= Toni Press-Coffman =

American dramatist

Toni Press-Coffman is an American playwright, living and working in Tucson, Arizona. She was born and raised in New York City.

==Career overview==
Toni Press-Coffman is the recipient of several national playwriting awards. Her play Touch has been produced at the Humana Festival at Actors Theatre of Louisville, and the Theatre of N.O.T.E. in Los Angeles, as well as other theatres throughout the United States and Europe. Another play, That Slut! has received favorable notices. In 2000, Press-Coffman was awarded an NEA/TCG Playwright Residency Award. Additionally, she was one of 12 playwrights selected to participate in the 1995 Eugene O'Neill National Playwrights Conference.
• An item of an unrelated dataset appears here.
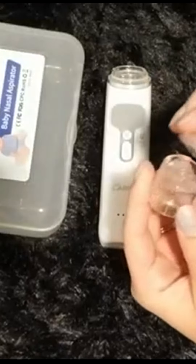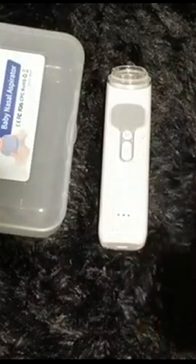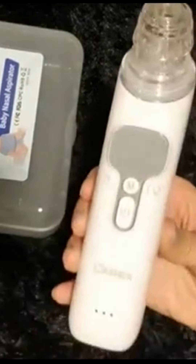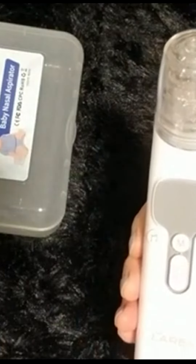First, take the collection cup and the sealing cover and put those two together. Then take those two pieces and put them onto the main base on top — it just twists right in there. Then take the storage bin and place that on top.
Toni Press-Coffman has received fellowships and awards from the California Arts Council, the Arizona State Playwriting Contest, the Negro Ensemble Theatre Company, the Invisible Theatre, Wisconsin Women in the Arts, the Rockefeller Foundation, the Peninsula Community Foundation (which later merged with Community Foundation Silicon Valley to become the Silicon Valley Community Foundation), and the Shubert Foundation. She has a BA in Playwriting from UCLA and an MA in Theatre and Film from the University of Connecticut, and has taught Playwriting at several major universities.

Toni Press-Coffman is Literary Coordinator of Borderlands Theatre in Tucson, where she lives, writes, teaches and acts. She is also a member of the Dramatists Guild and, as Literary Committee Chair, serves on the Executive Committee of the National New Play Network. She received a bachelor's degree from the University of Connecticut in 1976.